Somewhere between snorting the ashes of a sacred Brazilian tree, losing my shit at the late-night ecstatic dance party (think somewhere in between yoga and a mosh pit), and taking an earnest crack at cosmic meditation led by a Native American tribal shaman, it hit me: I had become a fucking hippie. After three decades of acerbic cynicism, my ever-deepening jade was evaporating like wisps of palo santo in the dusty haze of a Mojave sunset. And I liked it.
This kind of realisation is a common occurrence on dancefloors, yoga mats, hammocks and tea houses at hippie festivals on the West Coast of the US, and is the kind of transformation that defines (and names) the whole movement as it spreads from the arid deserts of California to festival communities around the world.

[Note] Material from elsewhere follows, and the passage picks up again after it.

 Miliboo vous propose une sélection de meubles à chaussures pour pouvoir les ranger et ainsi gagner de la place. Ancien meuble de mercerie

In the UK, festival culture too often means a middling status quo of forgettable piano house doused over dancefloors strewn with nitrous oxide canisters stamped into the mud. Stateside, the dying throes of EDM find teenagers still clad in neon gurning their faces off in stadium parking lots while on questionable amphetamine salts and the sad, sad thud of big-room house. But way out in the dusty recesses of California, there’s a movement afoot. The ethos, aesthetic, and elevated hedonism of Burning Man have influenced a new generation of ravers and club kids who now seek a sense of community, spiritual and environmental consciousness, and an appreciation of the surreal. The result is one of the most vibrant and dynamic communities in dance music.

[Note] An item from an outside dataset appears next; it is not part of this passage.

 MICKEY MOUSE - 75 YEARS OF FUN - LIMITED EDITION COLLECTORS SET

The West Coast transformational festival scene is the best in the world, and it’s not just limited to California or even the US, it runs the whole Western coastline. From deep in the jungles of Tulum in Mexico, where Damian Lazarus’ Day Zero party packed more energy onto the leafy dancefloor than most of the BPM Festival could in a week, to the unbridled decadence of Desert Hearts outside San Diego, up to Lightning In A Bottle and Symbiosis in North California – the twin crown jewels of the whole scene – through to the steps of Oregon’s Mount Hood for What The Festival and into Canada for Shambhala: all these events are loosely connected satellites within a grassroots community drawn together by niche dance sub-cultures and a diaspora of Burning Man-inspired hippie sympathisers.
“West Coast festivals are the best festivals,” says Dirtybird head honcho and worldwide festival heavyweight Claude VonStroke. “I think they’re amazing. They’re really creative and interesting and fun, and there are all kinds of weird people and regular people. The crowd’s not as uptight. They’re more free with expressing themselves and being weird. People are taking care of each other, looking out for each other. There’s so much stuff that you don’t expect to see, and you don’t know why it’s there. It’s cool like that.”

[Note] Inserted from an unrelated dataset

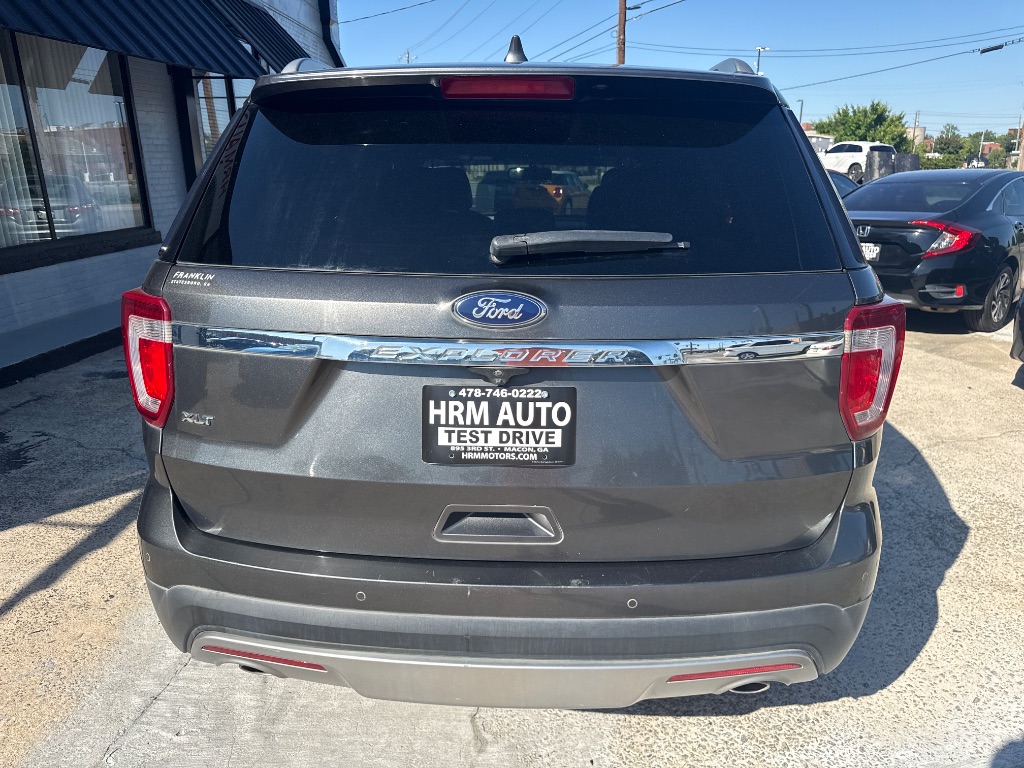2017 Ford Explorer - $9,995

Put on by The Do LaB, who produce the eponymously named and iconic stage at Coachella, Lightning In A Bottle is the leading music festival in the community and a pristine example of an event’s potential beyond just just music. This year, within the space of 24 hours, I watched a performance troupe of silver-painted zombies in Victorian-era clothing stalk through a valley, almost got hustled out of money by feral-looking children during a card game in a frontier town shanty, learned about deconstructing masculine hegemony during a talk in the grass, got lost in an absurdist mystery maze set in a hotel with walls made of teddy bears, and watched a naked man frying on hallucinogens bumrush the stage and attempt to violate Jamie xx during his excellent headlining performance not to mention sets by Steve Bug, Four Tet, and Guy Gerber. Suffice to say, this ain’t your average woods rave.